Mutter ins Gefängnis, Kinder ins Heim
Das Bundesgericht kassiert einen Haftverlängerungsentscheid der Vorinstanz. Statt die Sache wie üblich an die Vorinstanz zurückzuweisen, entscheidet das Bundesgericht selbst und entlässt die Beschwerdeführerin aus der Haft (BGer 1B_379/2009 vom 19.10.2010). Wieso das Bundesgericht hier von der Norm abweicht, erklärt es mit dem Beschleunigungsgebot. Massgebend dafür dürfte nebst den Umständen des Falles auch sein, dass die Beschwerdeführerin ausdrücklich einen Entscheid des Bundesgerichts verlangt hat:
Im vorliegenden Fall genügt der angefochtene Entscheid diesen Erfordernissen offensichtlich nicht, enthält er doch weder den massgeblichen Sachverhalt noch eine verständliche Begründung für die Annahme des dringenden Tatverdachts und der Kollusionsgefahr. Grundsätzlich wäre der Entscheid daher gemäss Art. 112 Abs. 3 BGG aufzuheben und die Angelegenheit zur Verbesserung der Begründung an die kantonale Behörde zurückzuweisen (Urteil 1B_61/2008 vom 3. April 2008 E. 2.2 mit Hinweisen).

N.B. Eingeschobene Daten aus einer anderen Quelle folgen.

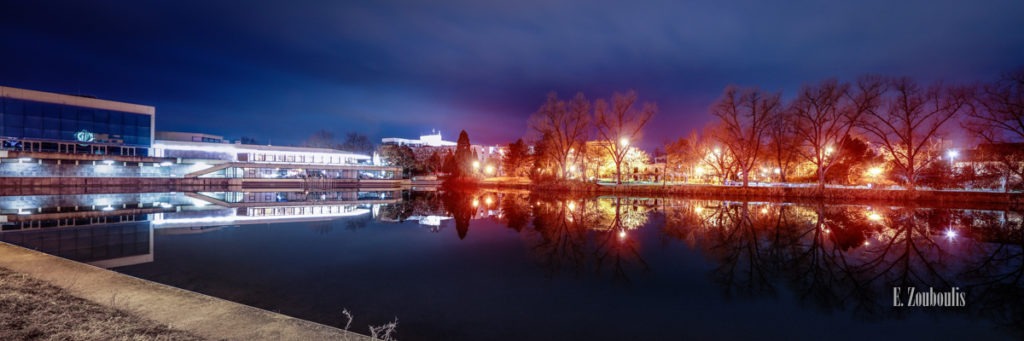 Nachtaufnahme am Unteren See in Böblingen. Im See spiegeln sich die hellen Lichter der Kongresshalle und rechts die Bäume mit der nächtlichen Beleuchtung am Weg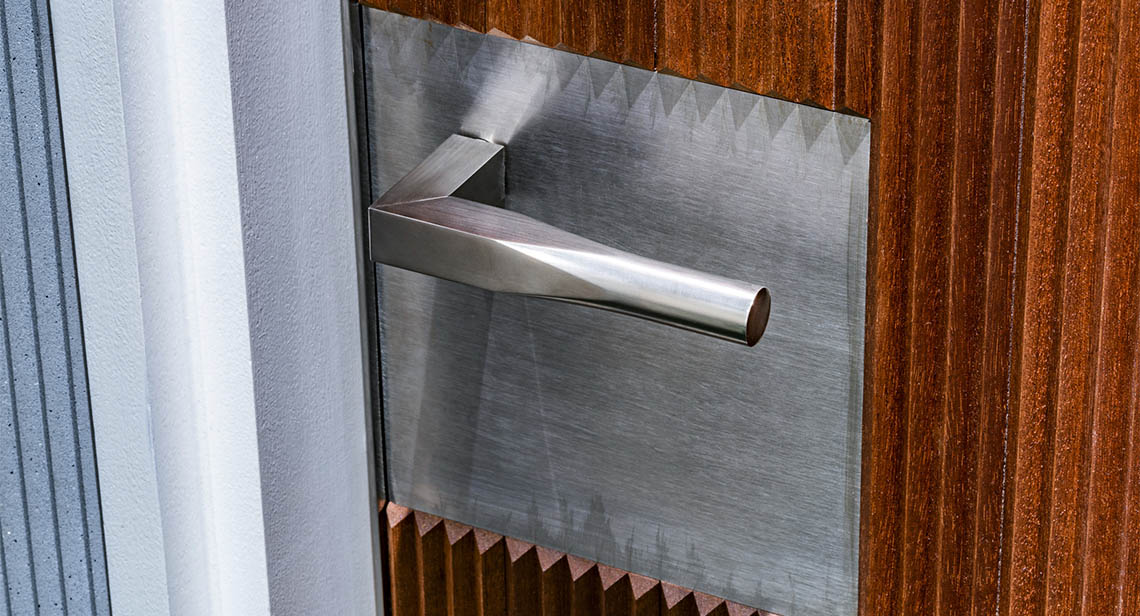 Silver Door Handle On Wood Door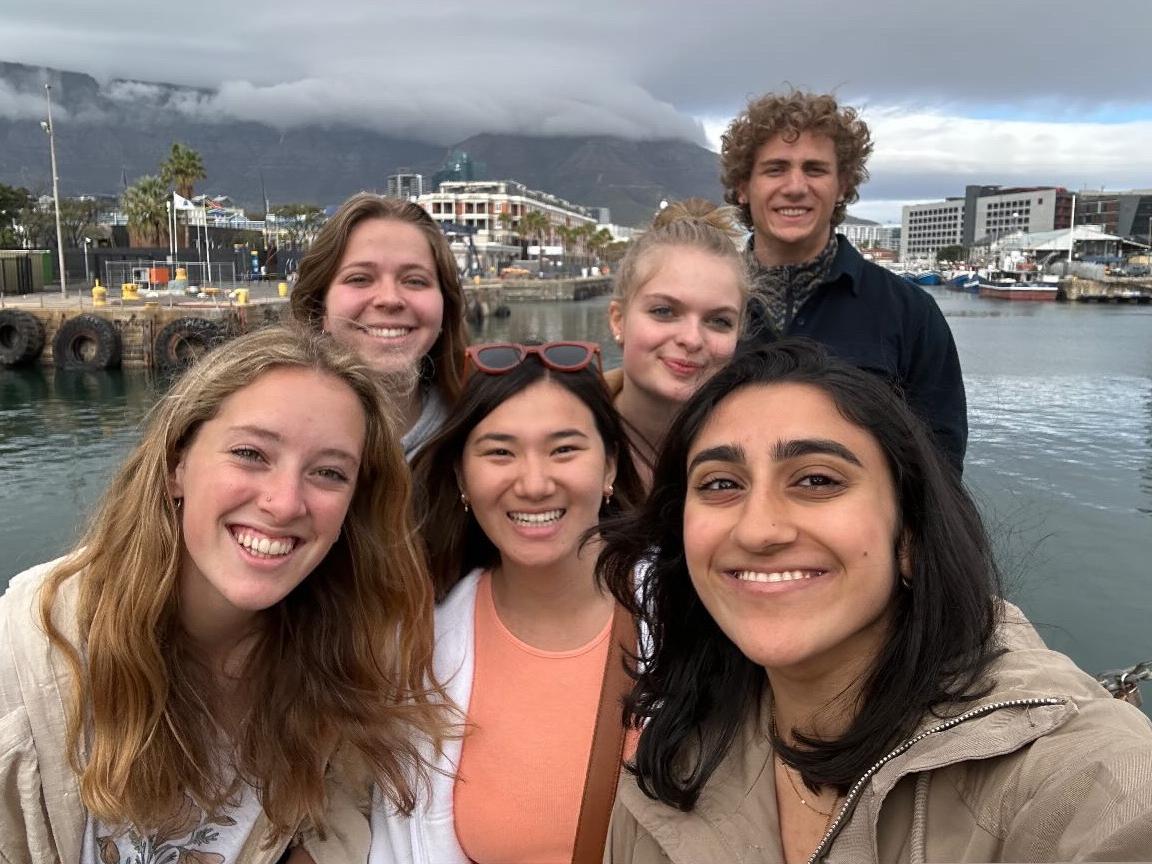 Six Penn State students pose for a selfie in front of the Waterfront in Cape Town, South Africa.
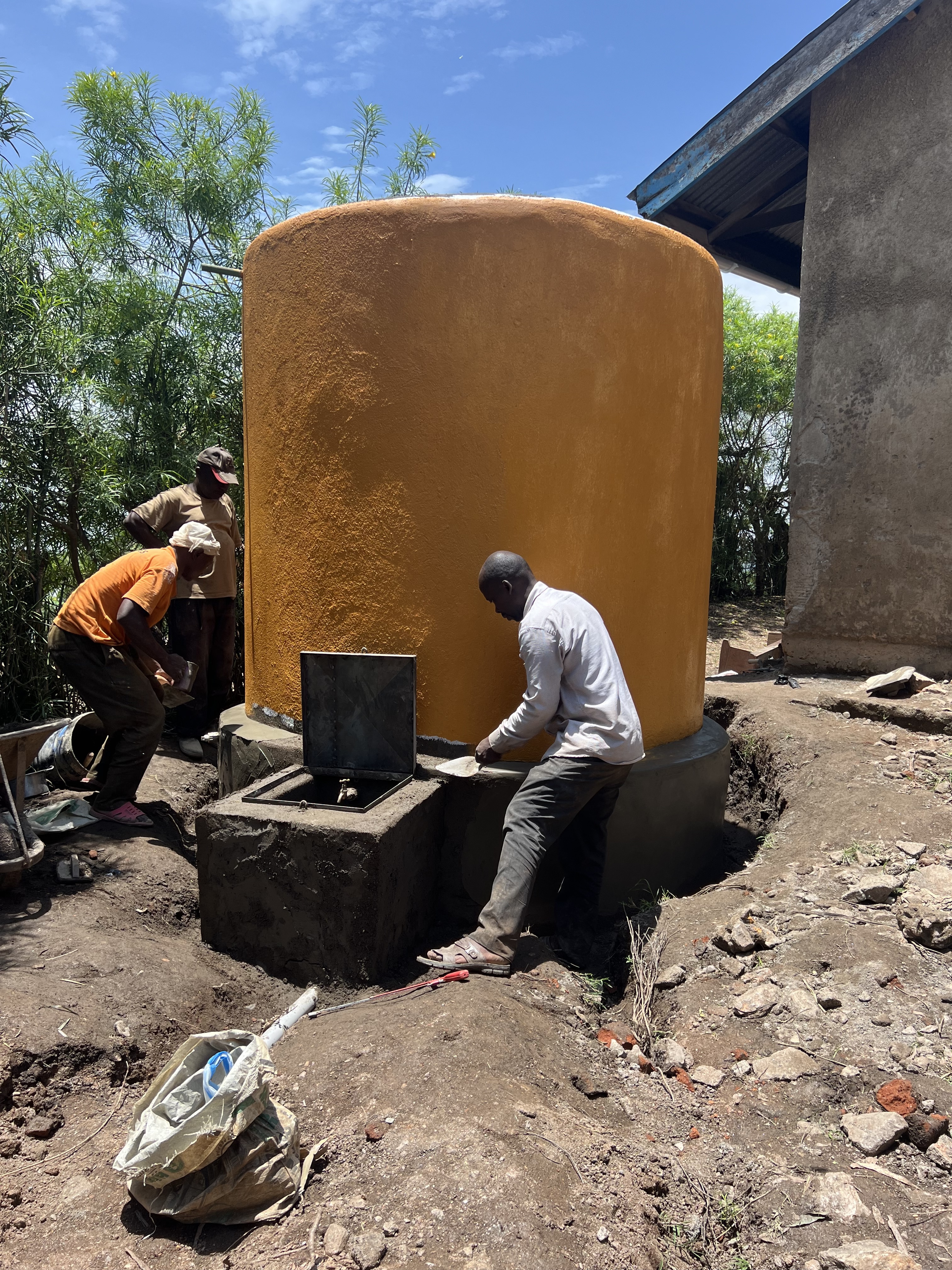 A rainwater harvesting tank that is under construction by Isingoma Yofesi (in front), Bwambale Uzia, left, and Kule Robert, right, at at Kithoma Primary School, Uganda.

Nachdem jedoch bereits ein Schriftenwechsel durchgeführt worden ist, in welchem das Verfahrensgericht die massgebenden Gründe tatsächlicher und rechtlicher Art nachgeschoben hat, und die Beschwerdeführerin in ihrer Replik dazu Stellung genommen hat, wobei sie einen Entscheid des Bundesgerichts in der Sache verlangt, rechtfertigt es sich zur Wahrung des Beschleunigungsgebots von einer Rückweisung abzusehen. Immerhin ist festzuhalten, dass das Bundesgericht Entscheide der vorliegenden Art künftig aufheben wird (E. 2).
In der Sache selbst bejaht das Bundesgericht den dringenden Tatverdacht und grundsätzlich auch die Kollusionsgefahr. Es schliesst aber trotzdem auf Gutheissung:
Der äussere Ablauf des Geschehens (Ausreise, Aufenthaltsorte) ist zwischenzeitlich weitgehend erstellt und wird von der Beschwerdeführerin auch nicht mehr bestritten. Insgesamt erscheint aufgrund der weit fortgeschrittenen Ermittlungen der Behörden die Verdunkelungsgefahr bei einer Freilassung der Beschwerdeführerin nicht so gross, als dass sie deren weitere Inhaftierung rechtfertigen würde. In diesem Zusammenhang ist auch zu berücksichtigen, dass die andauernde Inhaftierung der Mutter eine schwere Belastung für die Kinder (als Opfer der Straftat) bedeutet (E. 5.4).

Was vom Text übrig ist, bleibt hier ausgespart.